What is needed
Repeat, exactly as written, all of the entries, but not their pictures.
Records START
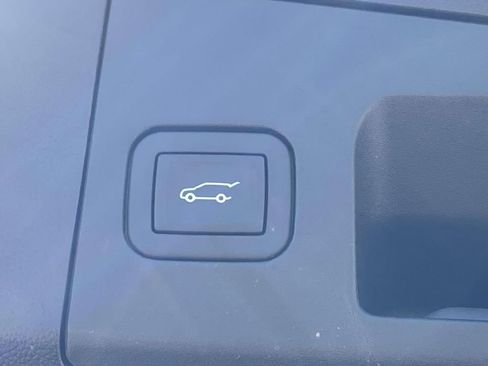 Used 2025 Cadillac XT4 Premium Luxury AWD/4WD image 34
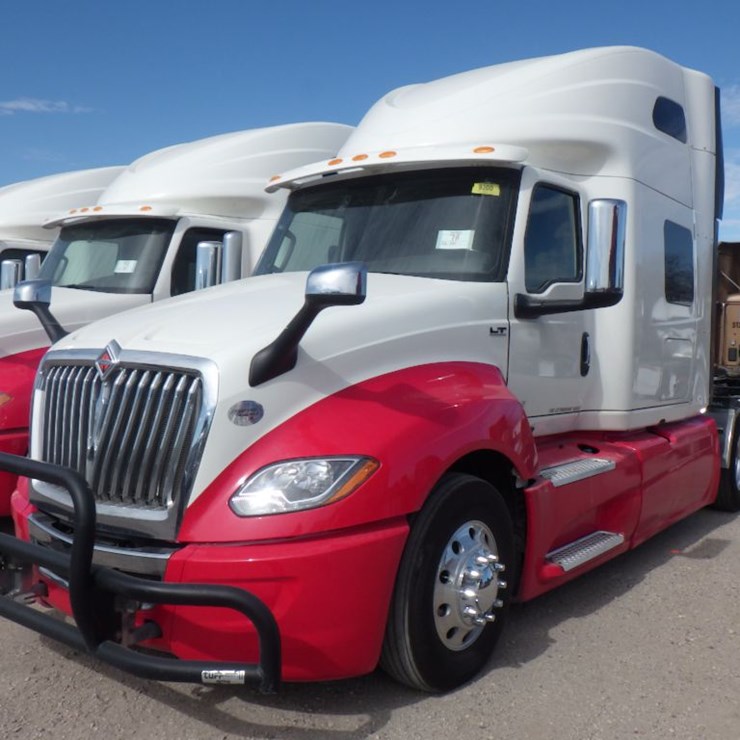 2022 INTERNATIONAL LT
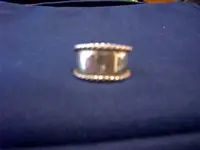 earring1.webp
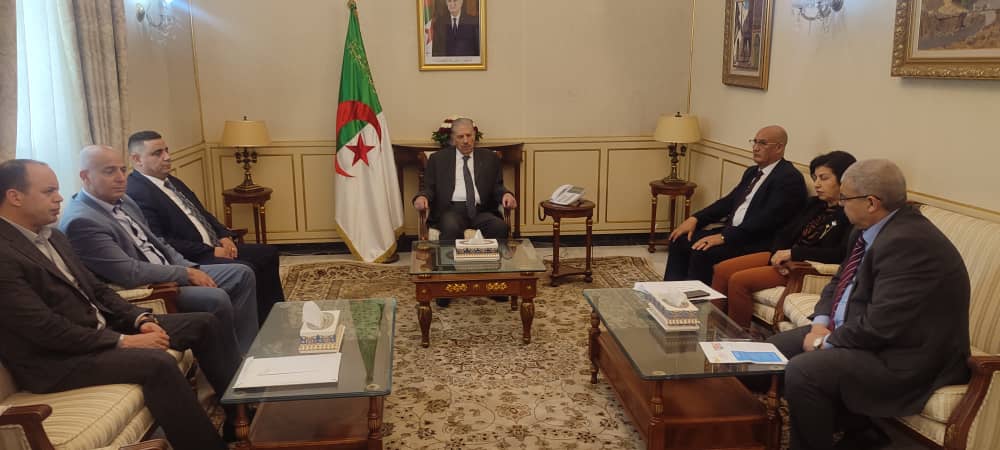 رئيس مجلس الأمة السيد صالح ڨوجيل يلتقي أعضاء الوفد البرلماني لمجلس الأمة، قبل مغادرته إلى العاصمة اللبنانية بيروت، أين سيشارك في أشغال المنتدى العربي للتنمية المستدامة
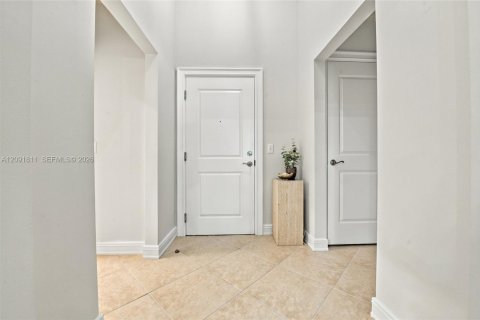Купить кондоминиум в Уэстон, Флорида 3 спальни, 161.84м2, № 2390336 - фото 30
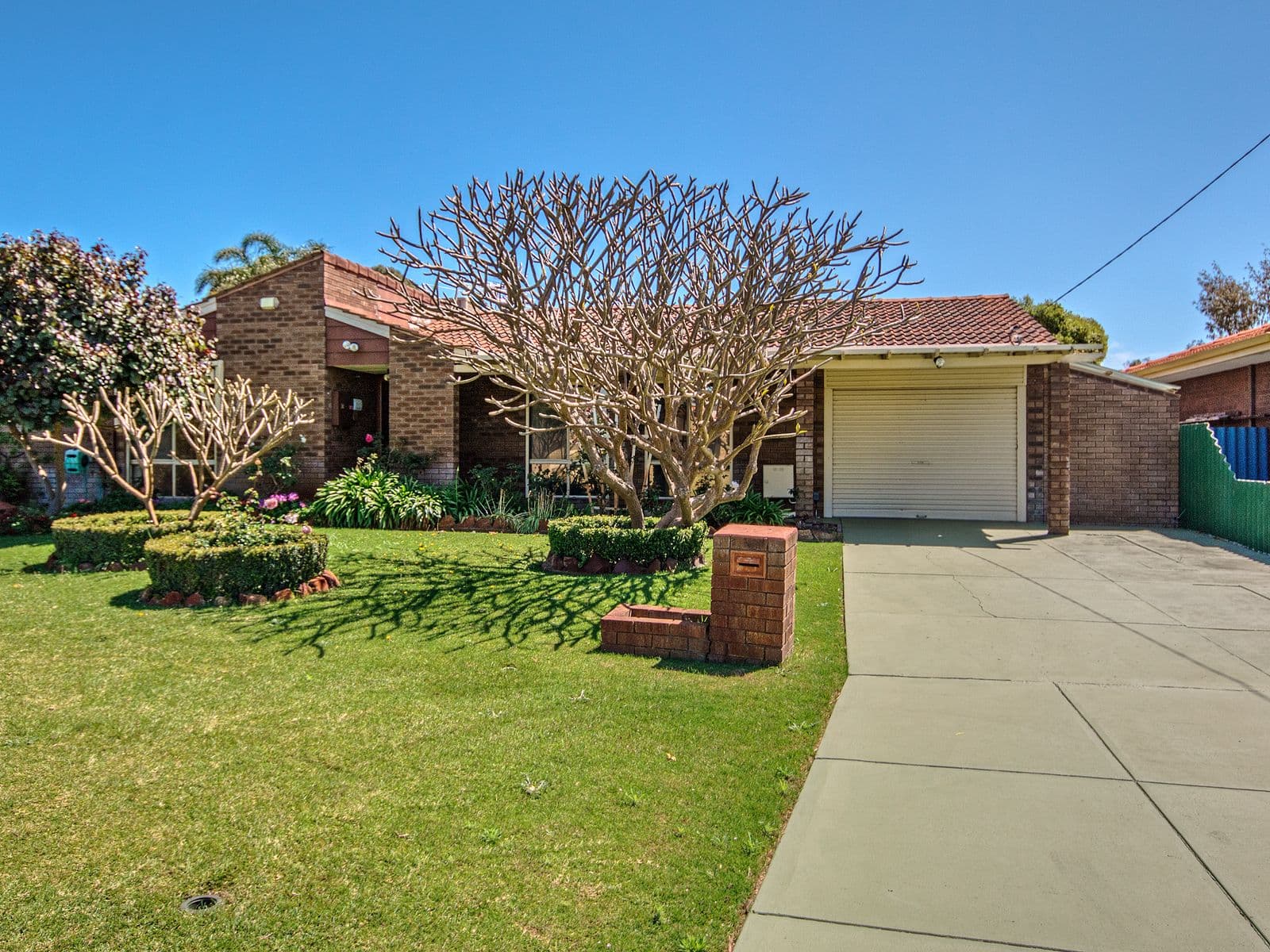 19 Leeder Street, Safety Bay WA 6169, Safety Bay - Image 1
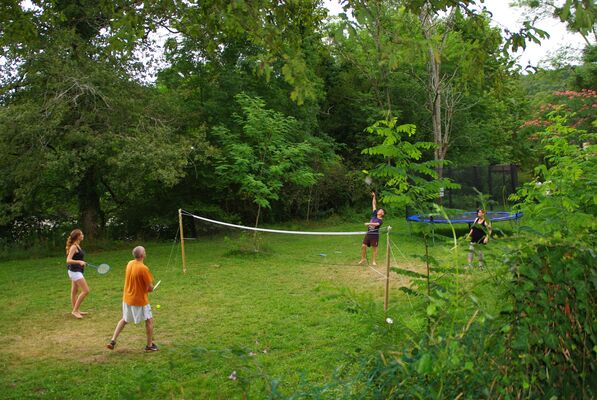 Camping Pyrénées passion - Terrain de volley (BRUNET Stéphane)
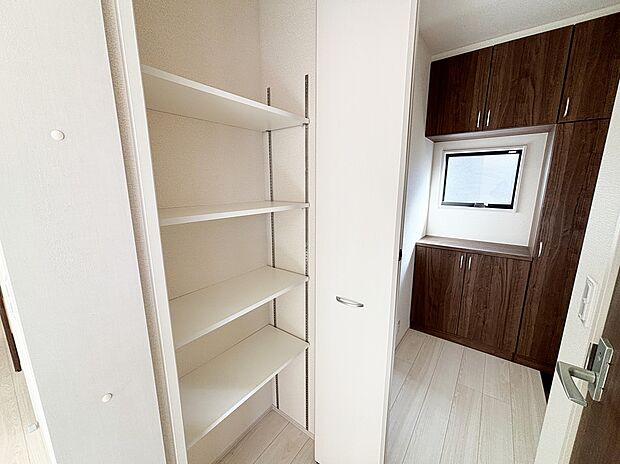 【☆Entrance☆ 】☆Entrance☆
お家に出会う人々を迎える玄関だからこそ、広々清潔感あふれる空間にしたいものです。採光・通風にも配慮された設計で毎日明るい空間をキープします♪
Records END
Completed exercise
 Used 2025 Cadillac XT4 Premium Luxury AWD/4WD image 34
 2022 INTERNATIONAL LT
 earring1.webp
 رئيس مجلس الأمة السيد صالح ڨوجيل يلتقي أعضاء الوفد البرلماني لمجلس الأمة، قبل مغادرته إلى العاصمة اللبنانية بيروت، أين سيشارك في أشغال المنتدى العربي للتنمية المستدامة
Купить кондоминиум в Уэстон, Флорида 3 спальни, 161.84м2, № 2390336 - фото 30
 19 Leeder Street, Safety Bay WA 6169, Safety Bay - Image 1
 Camping Pyrénées passion - Terrain de volley (BRUNET Stéphane)
 【☆Entrance☆ 】☆Entrance☆
お家に出会う人々を迎える玄関だからこそ、広々清潔感あふれる空間にしたいものです。採光・通風にも配慮された設計で毎日明るい空間をキープします♪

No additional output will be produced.